Tuesday, February 14 2012

Books

The ruthless heart of an artist

THE CLASSICS Michael Fanning reads a tale of art elevated to genius

Sunday November 29 2009

The Moon & Sixpence

William Somerset Maugham

THIS biographical novel, which I came across in the Chapter 2 second-hand bookshop in Tralee, was suggested by the life of Gauguin. It tells the story of Charles Strickland, a stockbroker but closet artist who deserts his wife of 17 years to become a painter of considerable genius.

"Don't you care for your wife anymore?"

"."

"And the children?"

"I liked them when they were kids -- but now they're growing up and I haven't any particular feeling for them. My father made me go into business because he said that there was no money in art."

Strickland goes to Paris and falls ill, is taken in by a Dutch art fan, whose wife falls madly in love with the artist. After three months with Strickland, she became suicidal and takes a fatal dose of poison.

Trustworthy narrator Geoffrey Wolfe writes: "There was in my soul a genuine horror of Strickland, side by side with a curiosity . . . Strickland was an odious man -- but I still think he was a great one."

After leaving France, the story shifts to Tahiti. Strickland has already died, and the narrator attempts to piece together his life for us. In short, he settled down with a native woman, fathered a few children, painted several masterpieces and died of leprosy.

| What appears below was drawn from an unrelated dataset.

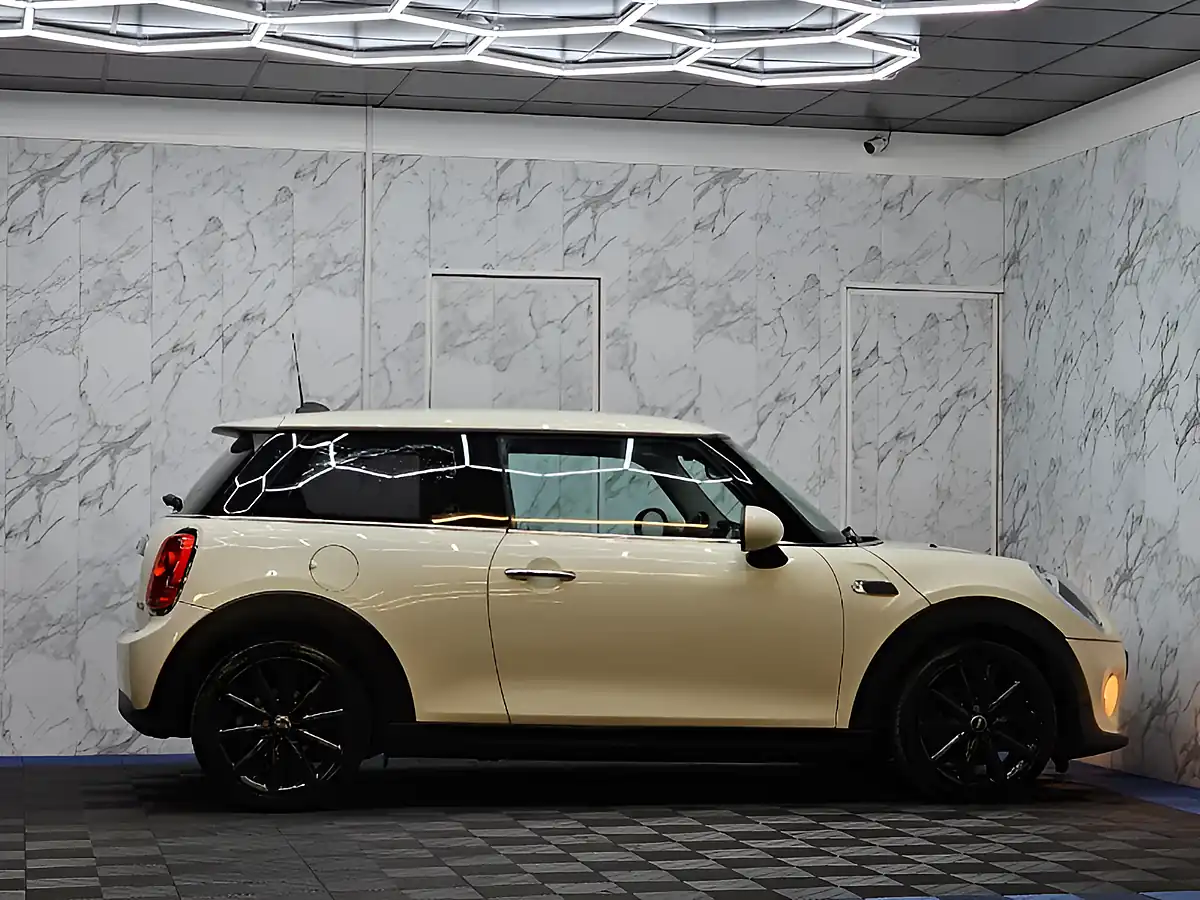 Used 2014 MINI Hatch Cooper White - Interior and Exterior details 10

The story asks if the pursuit of artistic expression can excuse the artist from social responsibility. Strickland acts ruthlessly to protect his time so that he can give all to art. "I need to draw." Apart from his Tahitian wife, he treats with contempt almost everyone with whom he comes in contact. He is both hero and anti-hero. Does the novel enrich the reader? Yes. Maugham writes exceptionally well, engages the reader and the narrator weaves a fascinating story of a man "who professes art as the only escape from an irrational world".

Is Strickland the pharmakos -- the scapegoat whose suffering and sacrifice restores order to the community?

In a sense, The Moon & Sixpence is the story of art itself in all its myths, beauty, pain and triumphs.